══ ENTRIES SUPPLIED ══

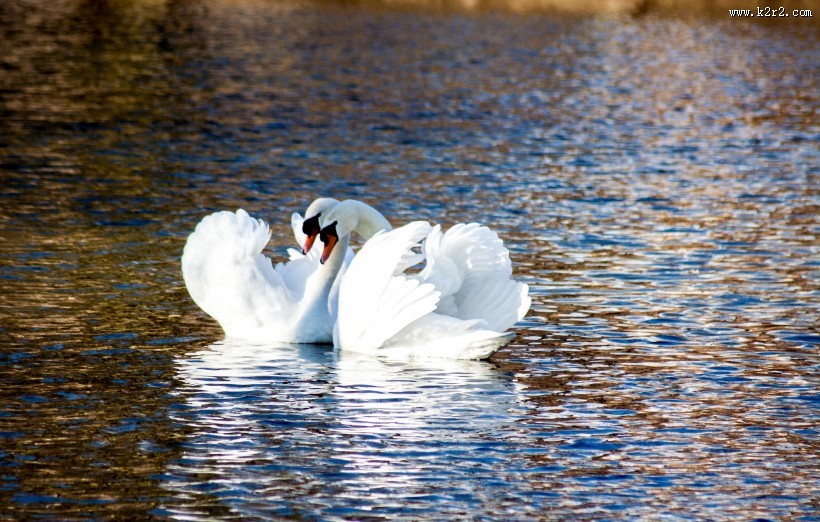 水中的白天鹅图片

═══
══ ENTRIES SUPPLIED ══

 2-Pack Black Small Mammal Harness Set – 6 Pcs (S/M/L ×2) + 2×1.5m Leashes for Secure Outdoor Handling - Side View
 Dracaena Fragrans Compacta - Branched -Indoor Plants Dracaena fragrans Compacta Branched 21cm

═══
══ ENTRIES SUPPLIED ══

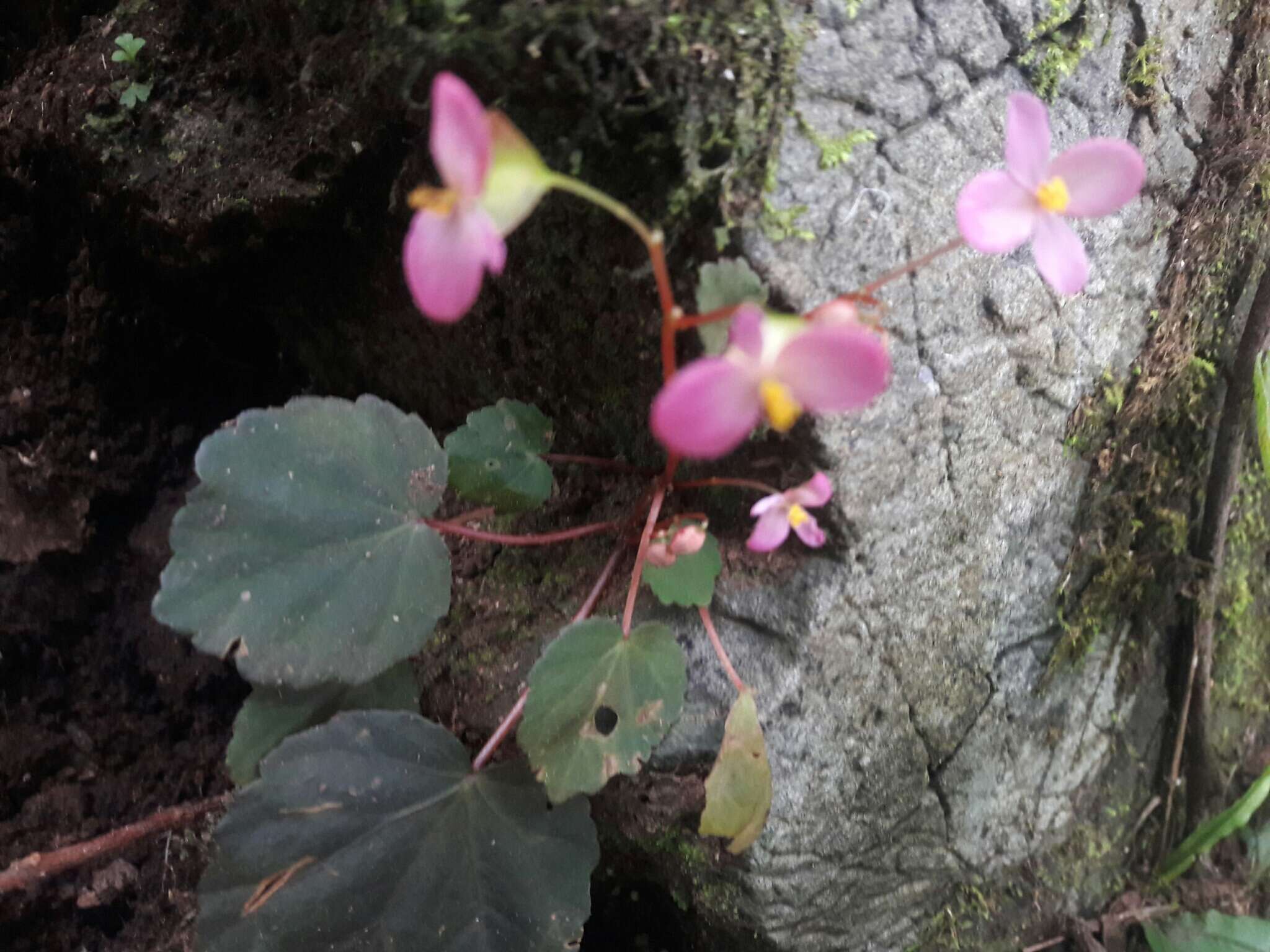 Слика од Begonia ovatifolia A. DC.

═══

Look above for the line holding "2-Pack Black Small". Print it and every line after it, exactly, through the line holding "Dracaena Fragrans Compacta - Branched".

 2-Pack Black Small Mammal Harness Set – 6 Pcs (S/M/L ×2) + 2×1.5m Leashes for Secure Outdoor Handling - Side View
 Dracaena Fragrans Compacta - Branched -Indoor Plants Dracaena fragrans Compacta Branched 21cm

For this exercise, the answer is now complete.